Unlike other parts of California, San Diego has 99% of the water needed for normal usage. But statewide conservation mandates have applied equally to areas that have plenty of water and those that don’t, so the result here has been water piling up unused while local water agencies raise rates to make up for lost sales.
Carlsbad Mayor Matt Hall, a San Diego County Water Authority board member, said the situation is hard to explain to his constituents.
“It’s real hard to tell them, ‘You have to let your grass die,’ and in the same breath you have to tell them, ‘We have more water than we can use, ‘“ he said.
Enter the desalination plant. The private venture kicked off a 30-day test period Nov. 9 and is expected to start producing water next month, enough to meet between 7% and 10% of the county’s demand. Water officials agreed in 2012 to buy the water whether they need it or not, to make the plant financially feasible.
The new supply is just one more reason local water officials are advocating for the state to ease conservation mandates for areas where supplies are ample, which would lessen the oversupply.
The desalinated water will be more expensive than the county’s current supplies, triggering $5 a month in increased water rates for most households. As the more expensive water arrives, it will have implications for the water authority, which recently has had to cut back on purchases of imported water it’s entitled to on a temporary basis.
Next year, the desalinated ocean water will cost San Diego water agencies at least $113.6 million — more than double the $45.2 million they would pay for the same amount of imported water, which remains available despite a statewide drought.
Even before that water comes online, San Diego has been running up against storage limits.
Given the combination of conservation and steady supply, the county water authority socked away 13.7 billion gallons in the newly expanded San Vicente reservoir, filling it to its temporary limit, officials said.
While awaiting certification to put more water behind the dam, the authority purchased 9.8 billion fewer gallons than it was scheduled to buy from the region’s wholesaler.
The water authority got state permission to resume filling the reservoir.
At the same time, water bills have increased as providers try to cover the lost sales revenue that paid their systems’ fixed costs. To some extent, rates have been driven even higher by the continuing costs of infrastructure, including the desalination plant.
Sandy Kerl, deputy general manager for the water authority, said the desalination plant is a long-term investment.
“We have a need for this water, and this reliability now and in the future,” Kerl said. “Being in this unprecedented situation has sort of distorted the picture.
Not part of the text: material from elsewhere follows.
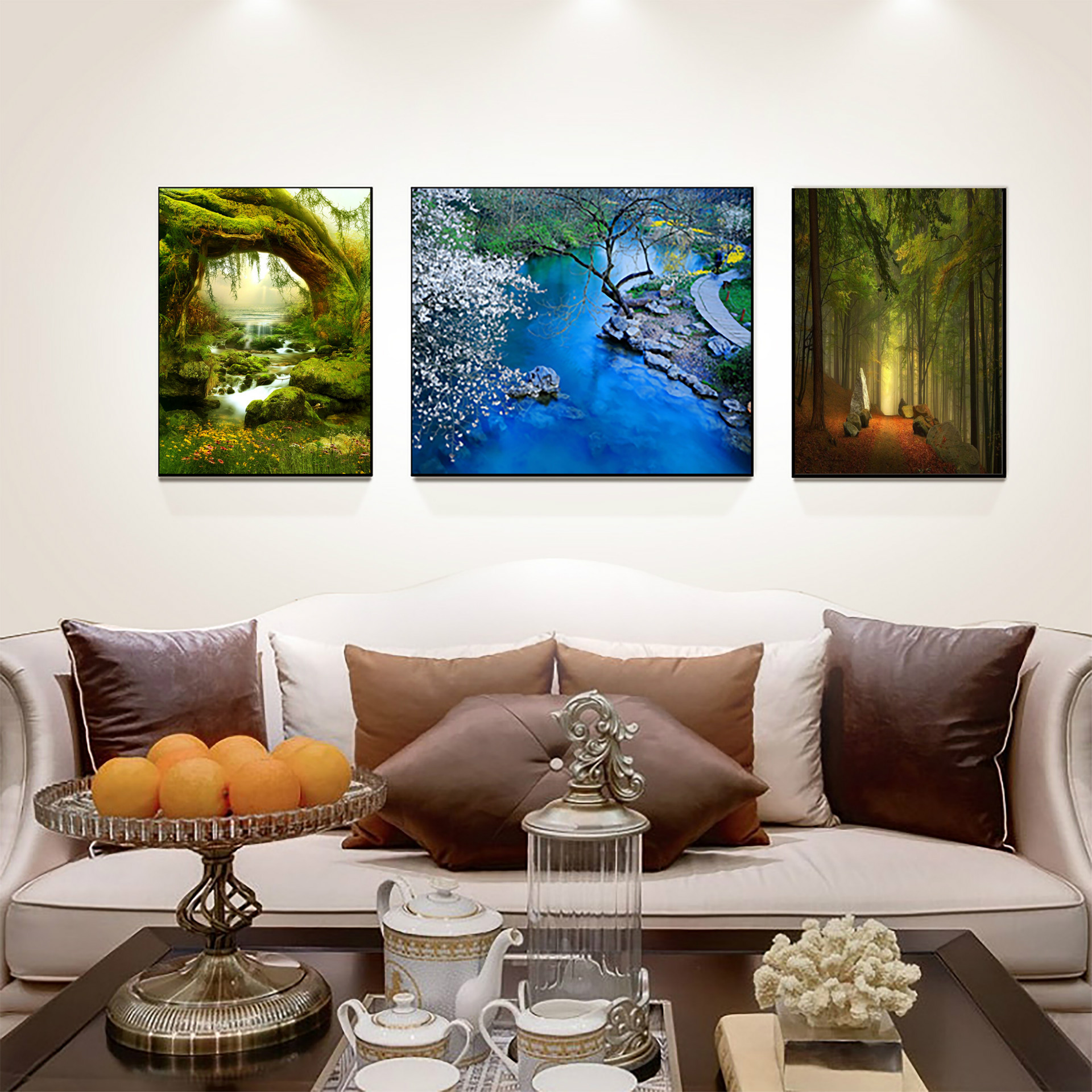 立体装饰画简约现代3d装饰客厅墙挂画走廊餐厅墙画3d立体画欧式风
To do a project like this, which is what we consider part of the core supply that will be used to service the region, it’s not a shut-on-shut-off sort of situation.”
Critics of the desalination plant have questioned whether the county made a good deal when it negotiated terms with the owner, Poseidon Resources, in 2012. Some say Poseidon should have taken the financial risk instead of ratepayers.
“We told you this was a boondoggle from the beginning,” said Marco Gonzalez, an Encinitas attorney who represented Surfrider in its legal battles to stop construction. “We moved too fast into a giant corporate welfare scenario.”
Water officials said the authority’s backing saved ratepayers about $200 million in financing charges. And it took no more risk than necessary to get the project built.
“A large, modern technologically advanced desalination project like the one in Carlsbad is not financeable without a secure, financially viable customer for the water,” authority spokesman Mike Lee said by email. “It is the take-or-pay contract with the water authority that made the project financially viable.”
Lee said the authority expects the cost of treated imported water to surpass the cost of desalinated water by 2030.
Cook writes for the San Diego Union-Tribune.